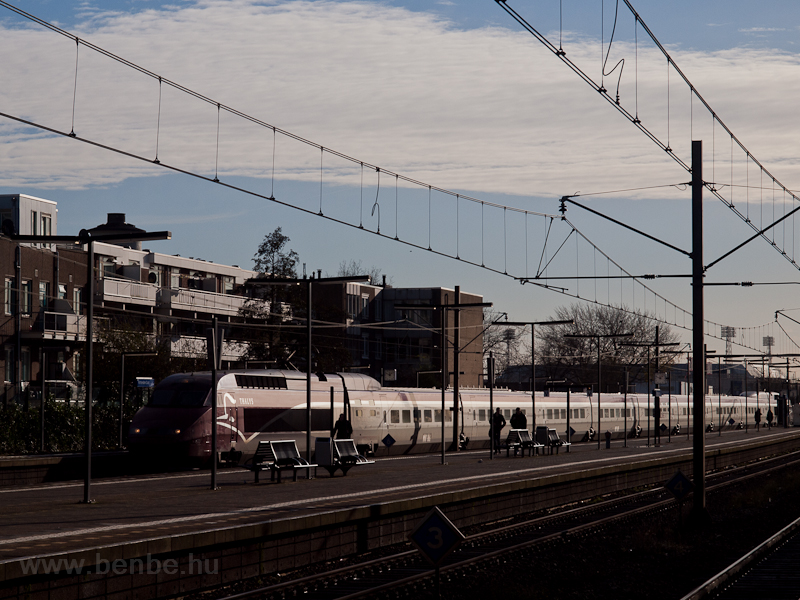 Thalys Rotterdam Zuid llomson
 fot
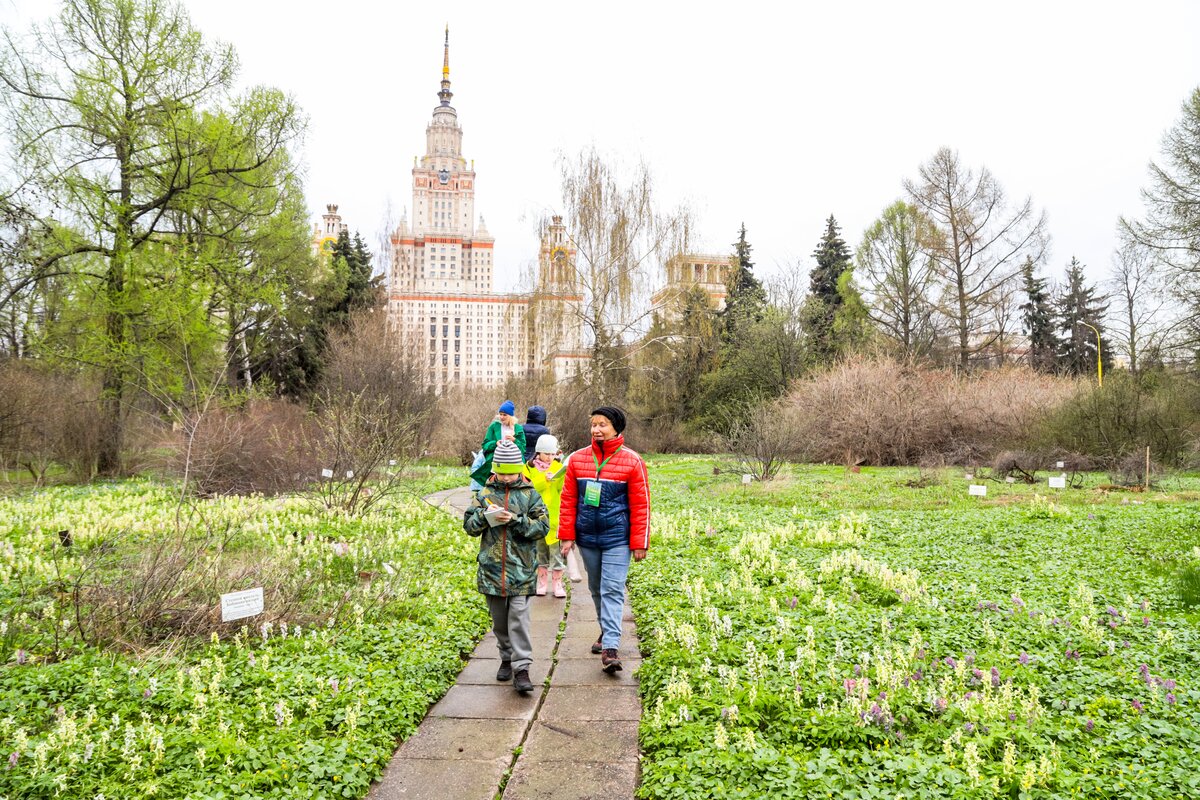 Схема ботанического сада мгу на воробьевых горах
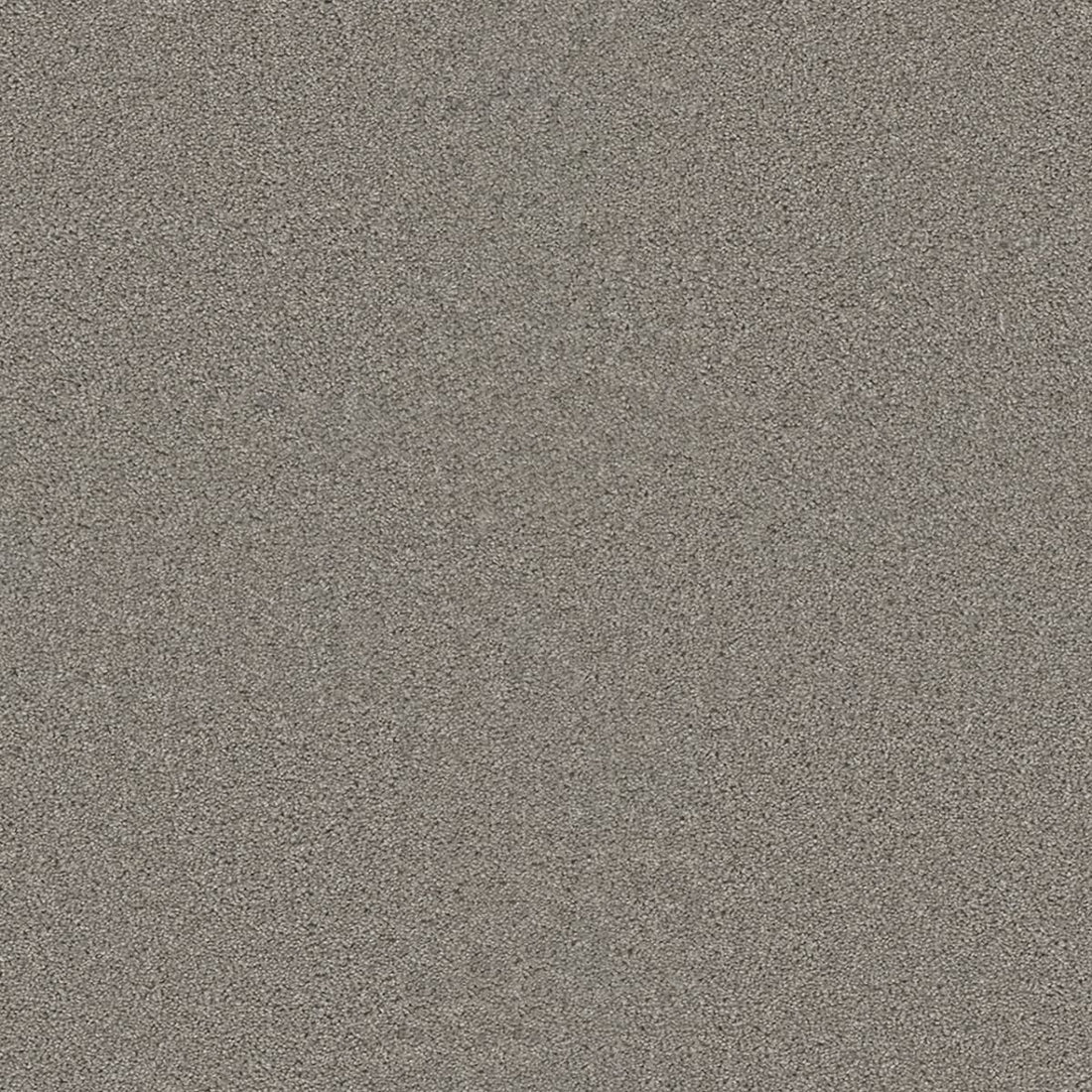 1-2200-800-1200-a-variant-room-scene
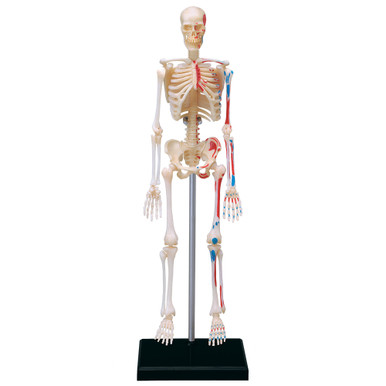 4D  HUMAN シリーズ 4D Human Skeleton Anatomy Model – 46-Piece Educational Puzzle for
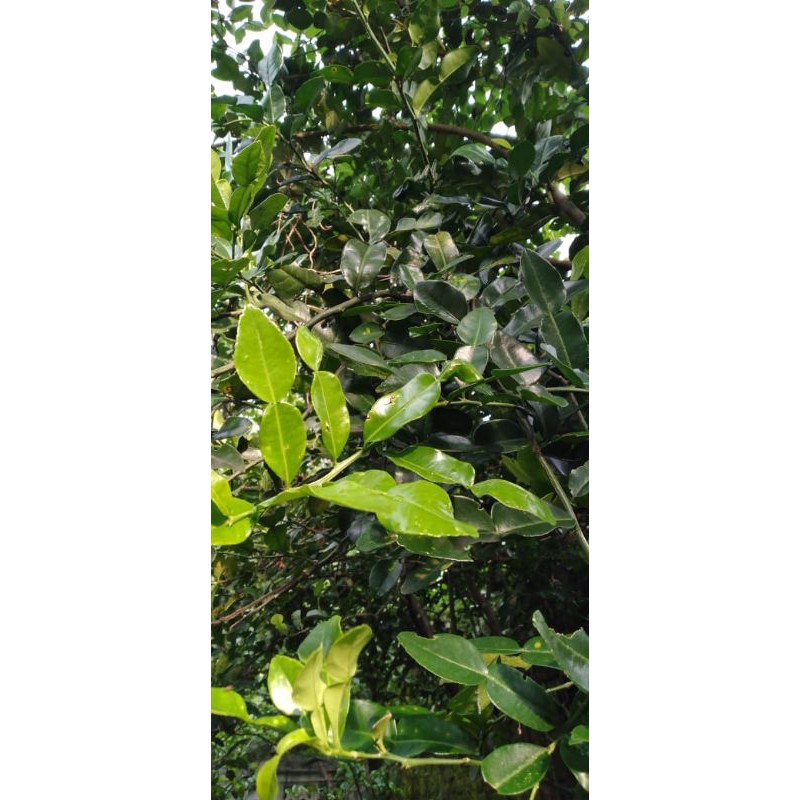 

Daun Jeruk Segar ( 25 gram )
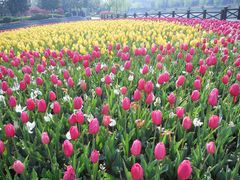 -上海鲜花港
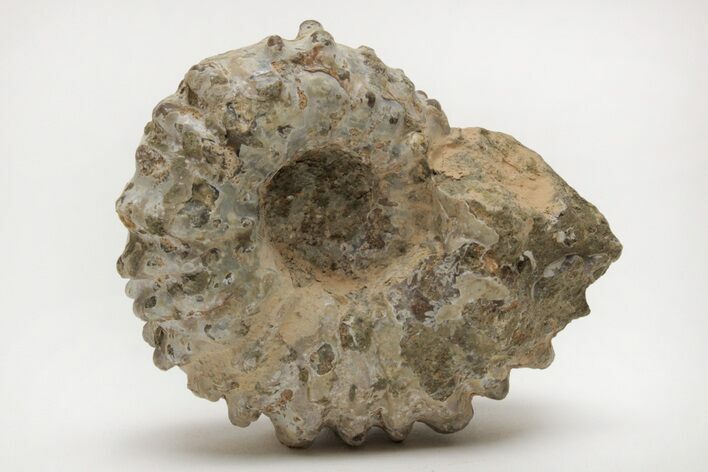 Bumpy Ammonite (Douvilleiceras) Fossil - Madagascar #205023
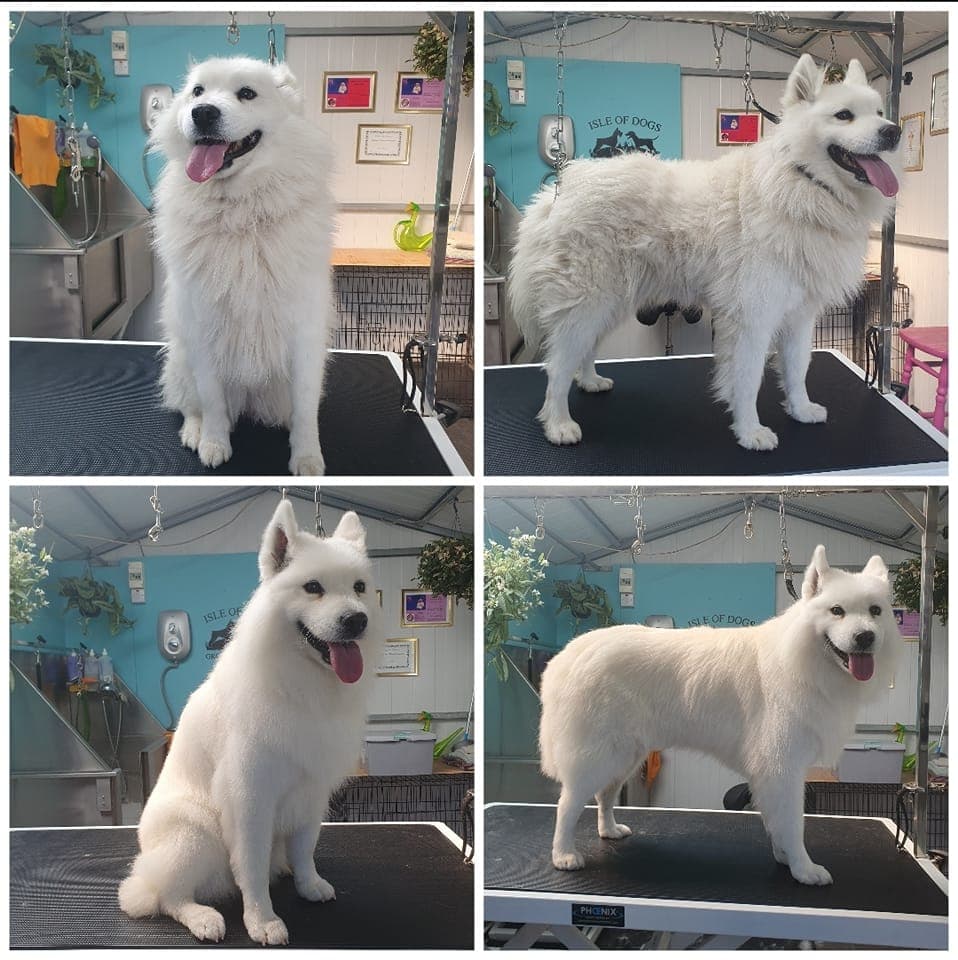 Beautiful dog transformation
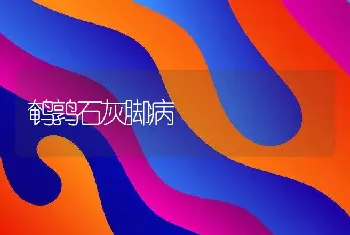 鹌鹑石灰脚病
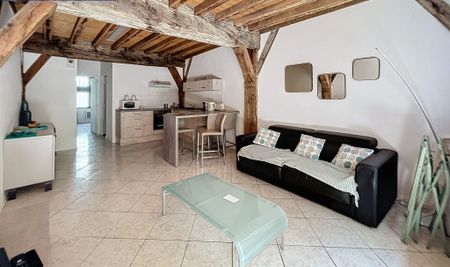 Location Appartement 2 pièces 49m² TROYES 10000 - Photo 5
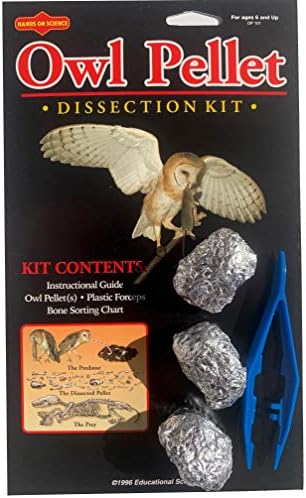 Owl Pellet Kit, 3 Pellet, Bone Sorting Chart - Image 3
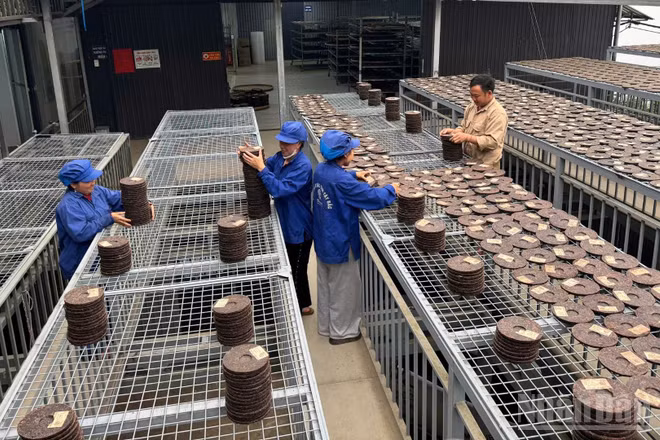 Nông dân sản xuất trà ép bánh "made in Vietnam". (Ảnh: THU HÀ)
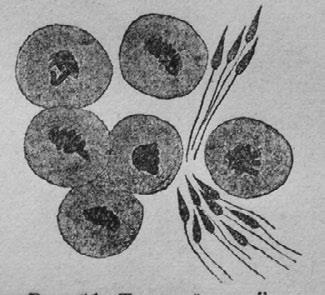 Иллюстрация к книге — Этюды о природе человека [i_033.jpg]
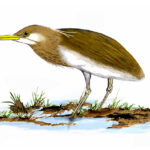ಕೊಳದ ಬಕ: ಡಾ. ಎಸ್.ವಿ. ನರಸಿಂಹನ್‌‌ ಸರಣಿ
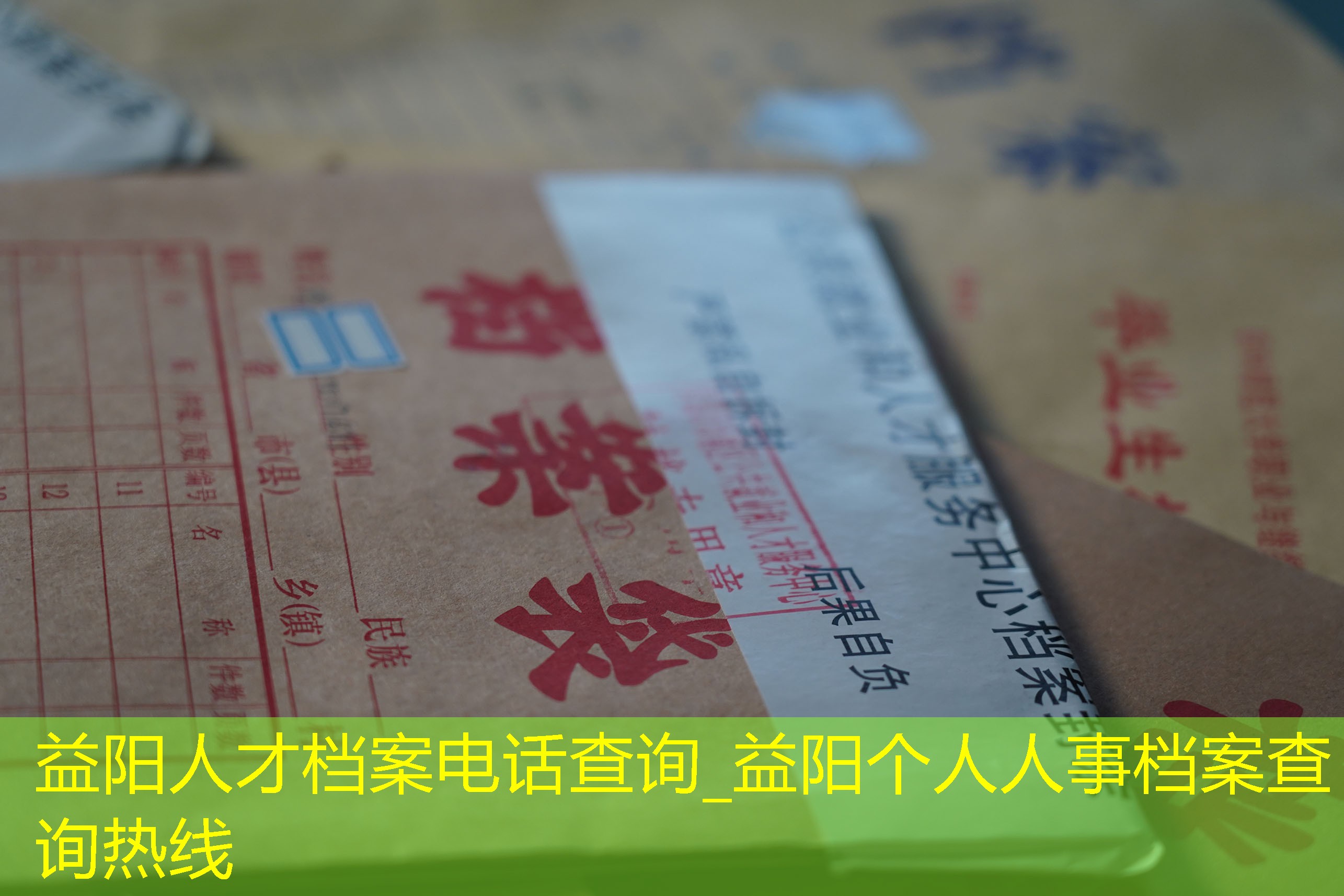 档案查询
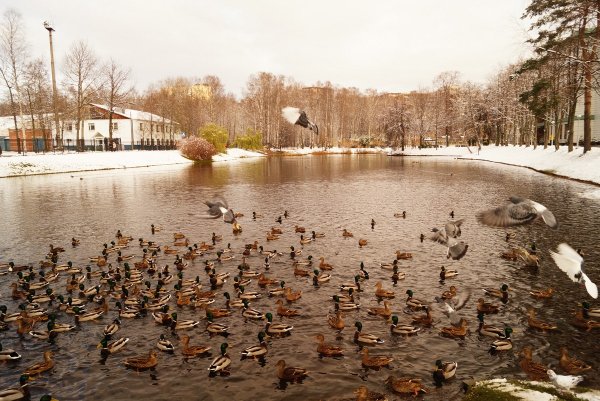 Пруд в Удельном парке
***
* **Work request**
Starting at the line that contains "Location Appartement 2", write out every line through the end of the entries above exactly, and omit the pictures.

* **Expected answer**
 Location Appartement 2 pièces 49m² TROYES 10000 - Photo 5
 Owl Pellet Kit, 3 Pellet, Bone Sorting Chart - Image 3
 Nông dân sản xuất trà ép bánh "made in Vietnam". (Ảnh: THU HÀ)
 Иллюстрация к книге — Этюды о природе человека [i_033.jpg]
ಕೊಳದ ಬಕ: ಡಾ. ಎಸ್.ವಿ. ನರಸಿಂಹನ್‌‌ ಸರಣಿ
 档案查询
 Пруд в Удельном парке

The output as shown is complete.